17th Aug 2009 - South American Adventure
Uruguay Day Trip
It is very easy to make to Uruguay from Buenos Aires and is a very easy way to get a quick sample of Uruguayan life.
I boarded the Buquebus in the morning for my 9:30am departure. The terminal in BA is quite nice and it seems brand spanking new. I went through customs and immigration really quickly. However, I do have a bone to pick with the man stamping the passports. My entry stamp for Uruguay was stamped in the middle of two pages. Who does that? I have about 15 spare pages on a passport that expires in 8 months. Give me a proper stamp!!! Argh.
The ferry ride over is what you would expect of such a ride. There is a duty free shop selling overpriced cigarettes, alcohol, perfume and chocolate. I was enjoying watching the scenery and catching up on my diary. The river dividing the two countries is called the Rio Plate (Silver River) named such to entice the foreign interests of Spain and Portugal, but it is just brown water...not silver.

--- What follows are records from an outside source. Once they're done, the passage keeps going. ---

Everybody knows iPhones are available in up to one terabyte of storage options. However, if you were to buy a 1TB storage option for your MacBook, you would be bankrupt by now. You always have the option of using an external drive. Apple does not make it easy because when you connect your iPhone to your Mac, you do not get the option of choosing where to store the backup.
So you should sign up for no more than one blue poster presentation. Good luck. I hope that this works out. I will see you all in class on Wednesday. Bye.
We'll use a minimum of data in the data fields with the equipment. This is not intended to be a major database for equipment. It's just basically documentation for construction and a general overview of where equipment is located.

I arrived in Colonia, found my hotel and started to wander around 1:30pm. By about 2:30pm I felt that I had adequately done the city. There is very little to see here. The guide books say that Colonia´s old sector is a UNESCO heritage site, but most of it is roped off with those theatre ropes. You can´t wander around it freely. If you are interested in museums, there are 7 here to show artifacts from when the town was founded by the Rio de Janiero mayor as a way to intercept goods and communications between Spain and BA. However, I didn´t quite feel like staring at old cloths and such. One highlight of the town was the lighthouse. I had to go up to see the view from there. It was a little disappointing, but at least I can cross ¨going in a working lighthouse¨ off of my life´s to do list. The artisan´s market at the north end of the city is filled with crap...don´t even bother venturing around there. On my way back to my hotel I found a bunch of shops that sell better quality items and have much more charm.

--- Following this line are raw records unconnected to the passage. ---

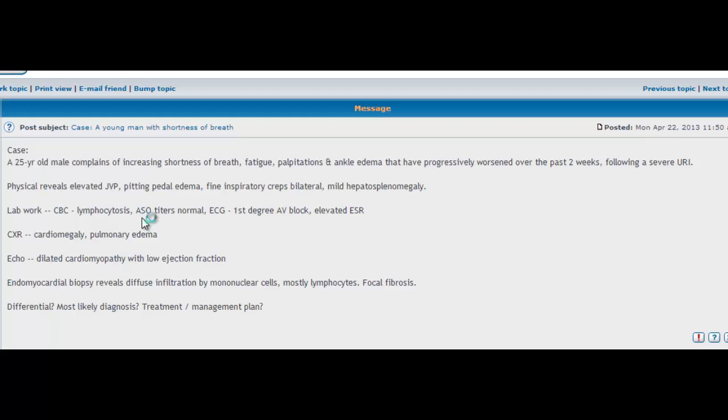But in this case, the ASO titers are normal. So that's pretty much putting rheumatic fever and group A strep out of the picture. So now we should start thinking about other things which could possibly cause this heart failure in this relatively young man, 25 years old.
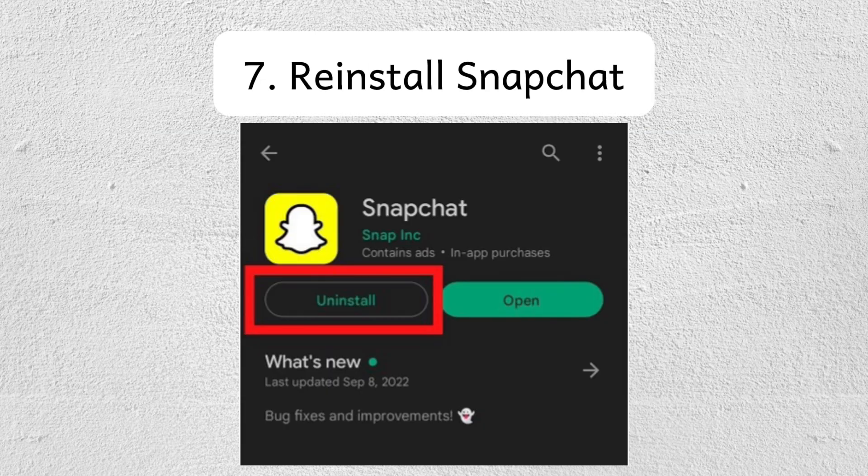For the last step, reinstall the Snapchat application. Uninstall and reinstall the app to fix any potential bugs or corrupted files.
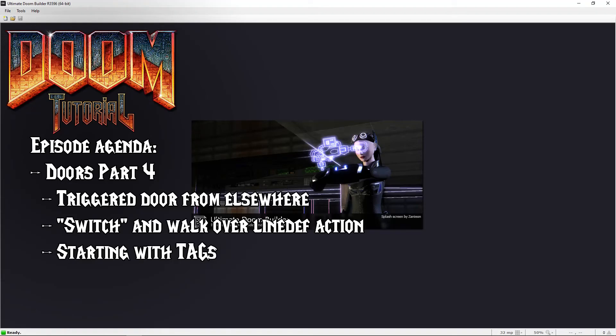Welcome back Doom fans, Lazy Gamer here. In this video we will make a door that is triggered somewhere else. We will again use door mode but we will choose another type of function for it.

I was disappointed in Colonia. The Lonely Planet book makes it sound as a very quaint town with a romantic charm. While it is true that there are cobblestone streets and old buildings, they lack the personality that I was expecting. If you have been to a place like the old city in Talinn, Estonia, it is hard to find Colonia as picturesque.

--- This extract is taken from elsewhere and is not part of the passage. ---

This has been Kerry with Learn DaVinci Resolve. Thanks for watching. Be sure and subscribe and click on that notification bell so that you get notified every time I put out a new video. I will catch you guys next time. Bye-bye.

Since I was late booking my boat tickets, I was unable to return to BA in the same day. So, I figured a nice long dinner would be good. I went to a roadside cafe to watch people go by at one of the historic intersections. Here there is a sign telling cars that pedestrians have the right of way. I was highly amused watching the drivers in this town. Here, anything is considered legal transport. I watched many vehicles pass me by: dune buggies, scooters, golf carts, bicycles with motors on them (very much reminded me of PeeWee´s Big Adventure movie) and other vehicles often missing major parts of the car. At one point I watched a car do a three-point turn in the middle of a four-way stop intersection. It was hilarious. They drive everything here...but not well.
At dinner, I ordered a large coke to drink. I saw a table beside me with a tiny class and knew that I needed far more to drink than that tiny glass would provide. When my meal came, I was given a large 1 litre bottle of coke! I had no idea that´s what they meant by large. I was determined to take my time to finish it there, since I wasn´t allowed to take it with me since the bottle was glass and they wanted the bottle deposit back. I really tried my best to finish it, but seeing as I had to be up at 3am to catch my 4:30am boat back to BA, I decided to leave it with a quarter left.
While I don´t see myself recommending Colonia to anyone in the future, it is a nice laidback atmosphere compared to BA and a very easy way to get a new stamp in your passport...just make sure they do it on one page only!